++++ Data extracts ++++
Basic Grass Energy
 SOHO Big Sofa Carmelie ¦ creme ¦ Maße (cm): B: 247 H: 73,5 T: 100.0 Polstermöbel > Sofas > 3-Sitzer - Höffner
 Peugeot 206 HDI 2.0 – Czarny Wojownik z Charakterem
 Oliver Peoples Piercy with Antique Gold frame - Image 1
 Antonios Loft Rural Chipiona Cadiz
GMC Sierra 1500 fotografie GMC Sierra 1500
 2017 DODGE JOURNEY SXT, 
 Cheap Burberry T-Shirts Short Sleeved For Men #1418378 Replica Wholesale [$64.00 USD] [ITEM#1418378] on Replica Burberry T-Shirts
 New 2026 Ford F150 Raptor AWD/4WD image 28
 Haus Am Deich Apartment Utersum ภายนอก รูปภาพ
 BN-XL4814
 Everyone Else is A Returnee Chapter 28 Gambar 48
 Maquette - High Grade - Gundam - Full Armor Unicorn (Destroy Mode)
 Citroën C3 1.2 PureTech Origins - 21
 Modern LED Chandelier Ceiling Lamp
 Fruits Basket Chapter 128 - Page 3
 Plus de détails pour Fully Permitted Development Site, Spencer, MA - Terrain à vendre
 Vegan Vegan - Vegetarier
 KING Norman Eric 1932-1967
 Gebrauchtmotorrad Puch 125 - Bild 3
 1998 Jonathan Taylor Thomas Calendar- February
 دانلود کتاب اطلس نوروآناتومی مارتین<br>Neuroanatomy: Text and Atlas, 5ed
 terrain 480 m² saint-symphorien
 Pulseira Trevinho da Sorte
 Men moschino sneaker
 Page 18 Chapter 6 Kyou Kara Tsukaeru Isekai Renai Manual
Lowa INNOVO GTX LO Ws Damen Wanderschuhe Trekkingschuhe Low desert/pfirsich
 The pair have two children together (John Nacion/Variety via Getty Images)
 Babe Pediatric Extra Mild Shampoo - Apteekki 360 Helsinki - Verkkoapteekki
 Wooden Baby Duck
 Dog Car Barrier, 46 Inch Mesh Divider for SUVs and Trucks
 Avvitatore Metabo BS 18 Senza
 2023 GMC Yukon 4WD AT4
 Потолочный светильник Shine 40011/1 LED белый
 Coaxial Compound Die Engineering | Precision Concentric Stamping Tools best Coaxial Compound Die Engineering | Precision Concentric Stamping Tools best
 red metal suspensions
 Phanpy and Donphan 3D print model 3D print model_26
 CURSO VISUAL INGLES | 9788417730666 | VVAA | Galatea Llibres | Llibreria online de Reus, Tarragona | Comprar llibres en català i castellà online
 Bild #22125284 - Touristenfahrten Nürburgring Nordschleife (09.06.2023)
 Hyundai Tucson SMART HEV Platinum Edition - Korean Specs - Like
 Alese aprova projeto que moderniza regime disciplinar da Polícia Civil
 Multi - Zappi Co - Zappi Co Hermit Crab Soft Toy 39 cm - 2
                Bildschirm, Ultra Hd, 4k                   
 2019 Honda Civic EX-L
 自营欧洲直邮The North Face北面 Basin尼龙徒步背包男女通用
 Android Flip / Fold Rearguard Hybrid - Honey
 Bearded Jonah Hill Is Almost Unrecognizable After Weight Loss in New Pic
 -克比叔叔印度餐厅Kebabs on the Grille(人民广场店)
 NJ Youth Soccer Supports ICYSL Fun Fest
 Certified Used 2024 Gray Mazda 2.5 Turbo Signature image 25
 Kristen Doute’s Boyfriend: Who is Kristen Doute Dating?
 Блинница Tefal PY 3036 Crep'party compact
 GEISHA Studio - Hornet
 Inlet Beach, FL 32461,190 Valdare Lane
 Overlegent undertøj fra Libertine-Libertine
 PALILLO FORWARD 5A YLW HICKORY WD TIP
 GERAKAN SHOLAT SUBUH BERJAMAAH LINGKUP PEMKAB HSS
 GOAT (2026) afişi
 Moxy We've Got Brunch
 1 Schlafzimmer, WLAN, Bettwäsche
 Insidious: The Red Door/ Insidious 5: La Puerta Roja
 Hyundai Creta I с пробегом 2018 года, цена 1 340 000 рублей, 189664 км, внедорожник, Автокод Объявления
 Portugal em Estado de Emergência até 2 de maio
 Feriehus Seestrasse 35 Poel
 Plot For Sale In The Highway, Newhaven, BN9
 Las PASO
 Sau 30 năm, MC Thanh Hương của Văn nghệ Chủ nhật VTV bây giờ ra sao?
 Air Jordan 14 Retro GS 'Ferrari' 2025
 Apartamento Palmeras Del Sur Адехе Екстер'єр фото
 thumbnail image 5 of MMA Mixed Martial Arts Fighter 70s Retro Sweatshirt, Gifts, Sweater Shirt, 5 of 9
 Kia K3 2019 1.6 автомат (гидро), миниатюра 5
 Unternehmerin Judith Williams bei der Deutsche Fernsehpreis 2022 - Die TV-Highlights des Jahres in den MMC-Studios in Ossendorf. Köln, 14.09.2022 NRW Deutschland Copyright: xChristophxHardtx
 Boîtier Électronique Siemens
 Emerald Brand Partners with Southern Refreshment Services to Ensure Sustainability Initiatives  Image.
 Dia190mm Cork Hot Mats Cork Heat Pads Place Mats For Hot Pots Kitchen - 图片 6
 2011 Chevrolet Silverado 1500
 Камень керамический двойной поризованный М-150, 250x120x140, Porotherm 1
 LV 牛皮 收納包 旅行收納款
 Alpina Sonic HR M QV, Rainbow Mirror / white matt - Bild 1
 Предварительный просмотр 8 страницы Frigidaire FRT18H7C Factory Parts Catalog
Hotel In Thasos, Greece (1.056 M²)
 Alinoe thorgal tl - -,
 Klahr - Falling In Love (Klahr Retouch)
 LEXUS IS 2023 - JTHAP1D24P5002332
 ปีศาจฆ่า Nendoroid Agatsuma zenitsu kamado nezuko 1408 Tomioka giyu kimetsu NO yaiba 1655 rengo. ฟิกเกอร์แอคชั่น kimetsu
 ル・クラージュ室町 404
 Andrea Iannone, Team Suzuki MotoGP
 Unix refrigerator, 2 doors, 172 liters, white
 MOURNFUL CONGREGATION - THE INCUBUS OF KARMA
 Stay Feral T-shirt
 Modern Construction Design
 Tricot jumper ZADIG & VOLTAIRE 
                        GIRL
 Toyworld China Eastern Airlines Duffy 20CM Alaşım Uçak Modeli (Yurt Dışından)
++++
**Try it**
Reproduce exactly, and with no other material, the lines between those holding "2023 GMC Yukon 4WD AT4" and "自营欧洲直邮The North Face北面 Basin尼龙徒步背包男女通用", inclusive.

**Your response**
 2023 GMC Yukon 4WD AT4
 Потолочный светильник Shine 40011/1 LED белый
 Coaxial Compound Die Engineering | Precision Concentric Stamping Tools best Coaxial Compound Die Engineering | Precision Concentric Stamping Tools best
 red metal suspensions
 Phanpy and Donphan 3D print model 3D print model_26
 CURSO VISUAL INGLES | 9788417730666 | VVAA | Galatea Llibres | Llibreria online de Reus, Tarragona | Comprar llibres en català i castellà online
 Bild #22125284 - Touristenfahrten Nürburgring Nordschleife (09.06.2023)
 Hyundai Tucson SMART HEV Platinum Edition - Korean Specs - Like
 Alese aprova projeto que moderniza regime disciplinar da Polícia Civil
 Multi - Zappi Co - Zappi Co Hermit Crab Soft Toy 39 cm - 2
                Bildschirm, Ultra Hd, 4k                   
 2019 Honda Civic EX-L
 自营欧洲直邮The North Face北面 Basin尼龙徒步背包男女通用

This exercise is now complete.